====== RECORDS

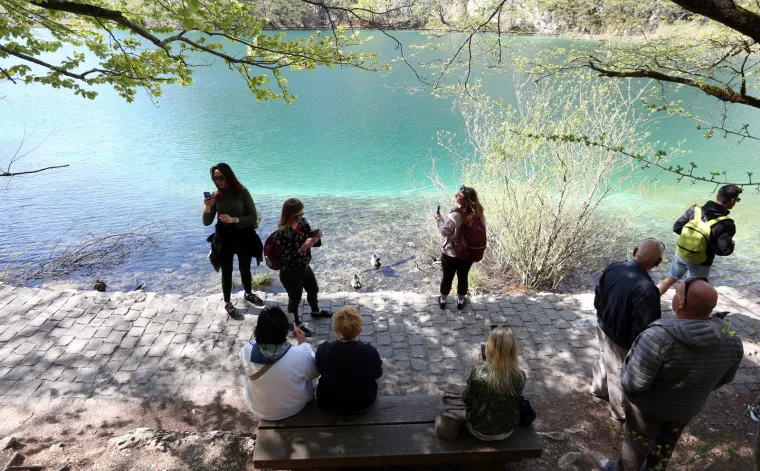 Iskoristite lijepo vrijeme i posjetite NP Plitvice: Ulaznice su ovaj tjedan znatno jeftinije, ali postoji 'kvaka'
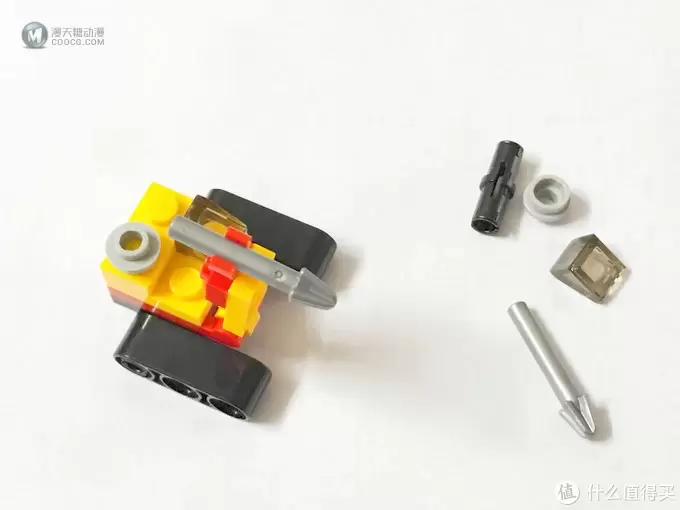 老大的乐高 篇三: LEGO 60201 圣诞倒数日历开箱晒单 老大的乐高 篇三: LEGO 60201 圣诞倒数日历开箱晒单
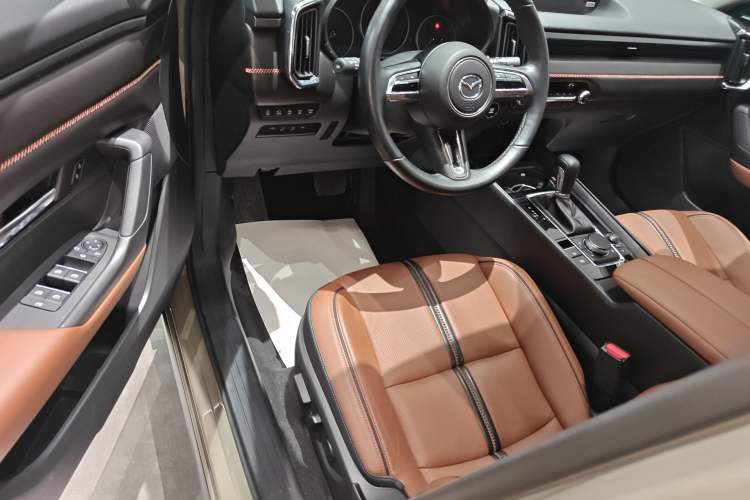 Used Mazda CX-50 2023 2.5L Luxury Edition Interior 2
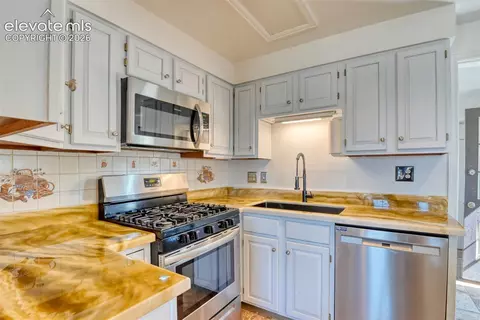 Kitchen - 10970 Garrett Rd, Peyton, CO 80831 photo 4 of 4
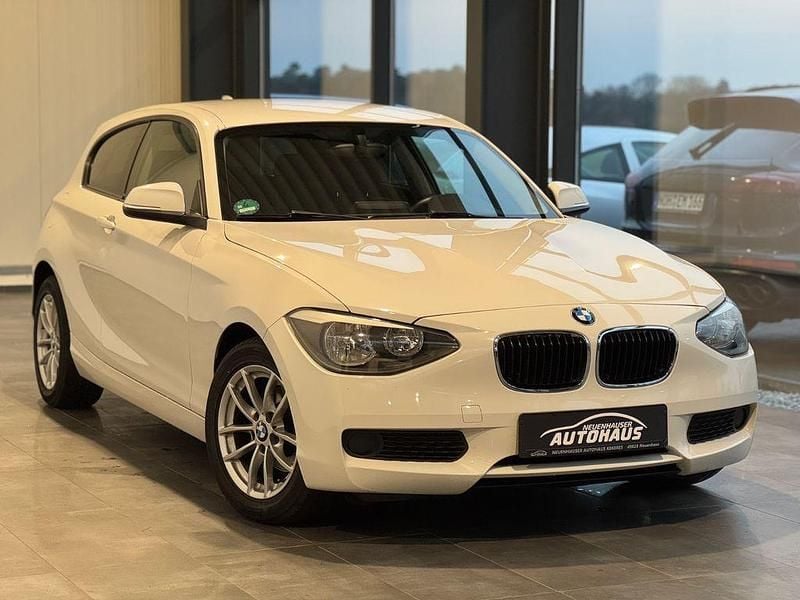 Gebraucht BMW 114 Sport Line 102 PS (75 kW) 2013 Weiß Kleinwagen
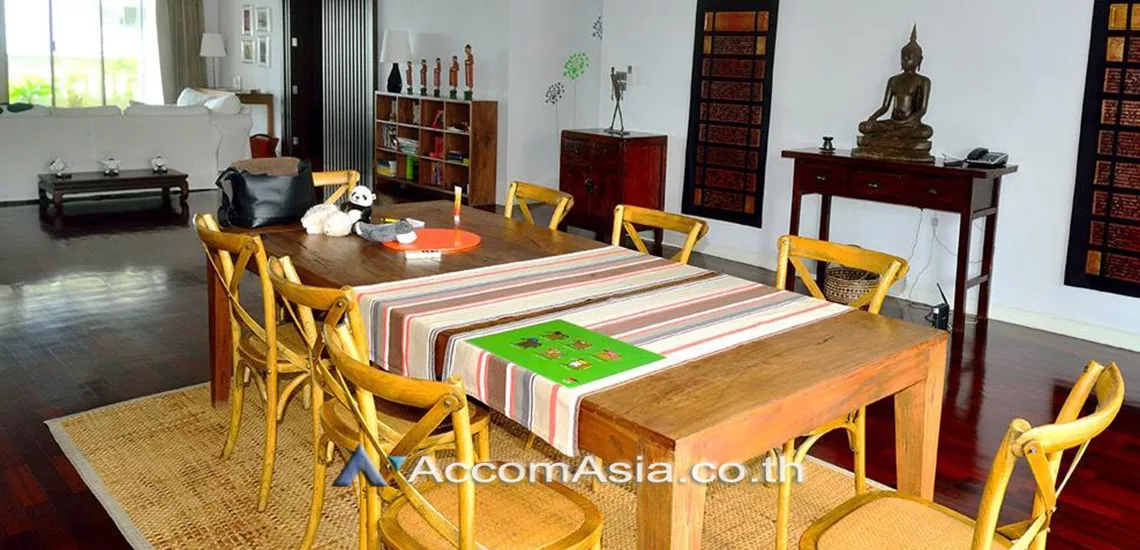 unitPet friendly |  2 Bedrooms  Apartment For Rent in Sukhumvit, Bangkok  near BTS Asok - MRT Sukhumvit (AA14389)
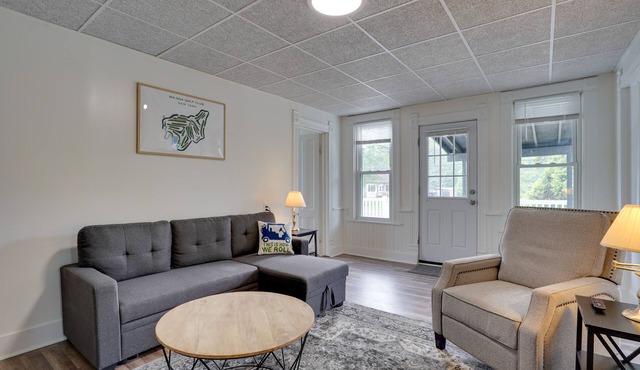 Upstate New York Vacation Rental w/Hot Tub!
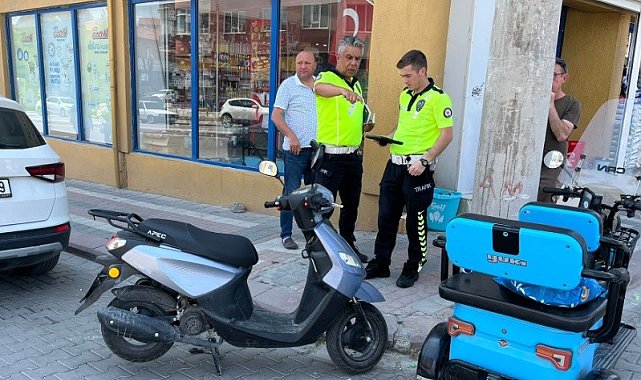 Tavşanlı'da motosikletler çarpıştı, 1 yaralı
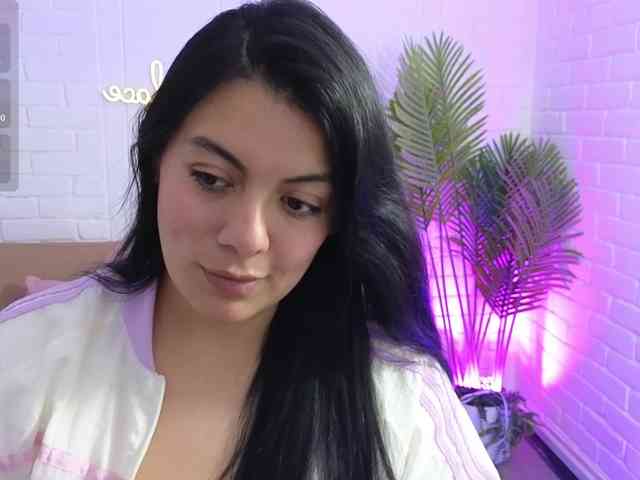 Coraline-tay webcam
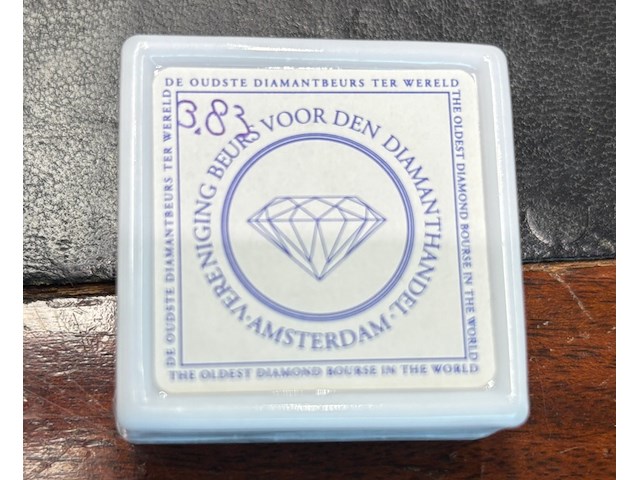 Edelsteen - 3.83 carat natuurlijke almandien - afbeelding 4 van  4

============

• _YOUR ASSIGNMENT_
Your answer must be an exact copy of the records above, with no pictures included.

• _ANSWER FOR THIS EXERCISE_
 Iskoristite lijepo vrijeme i posjetite NP Plitvice: Ulaznice su ovaj tjedan znatno jeftinije, ali postoji 'kvaka'
 老大的乐高 篇三: LEGO 60201 圣诞倒数日历开箱晒单 老大的乐高 篇三: LEGO 60201 圣诞倒数日历开箱晒单
 Used Mazda CX-50 2023 2.5L Luxury Edition Interior 2
 Kitchen - 10970 Garrett Rd, Peyton, CO 80831 photo 4 of 4
 Gebraucht BMW 114 Sport Line 102 PS (75 kW) 2013 Weiß Kleinwagen
 unitPet friendly |  2 Bedrooms  Apartment For Rent in Sukhumvit, Bangkok  near BTS Asok - MRT Sukhumvit (AA14389)
 Upstate New York Vacation Rental w/Hot Tub!
 Tavşanlı'da motosikletler çarpıştı, 1 yaralı
 Coraline-tay webcam
 Edelsteen - 3.83 carat natuurlijke almandien - afbeelding 4 van  4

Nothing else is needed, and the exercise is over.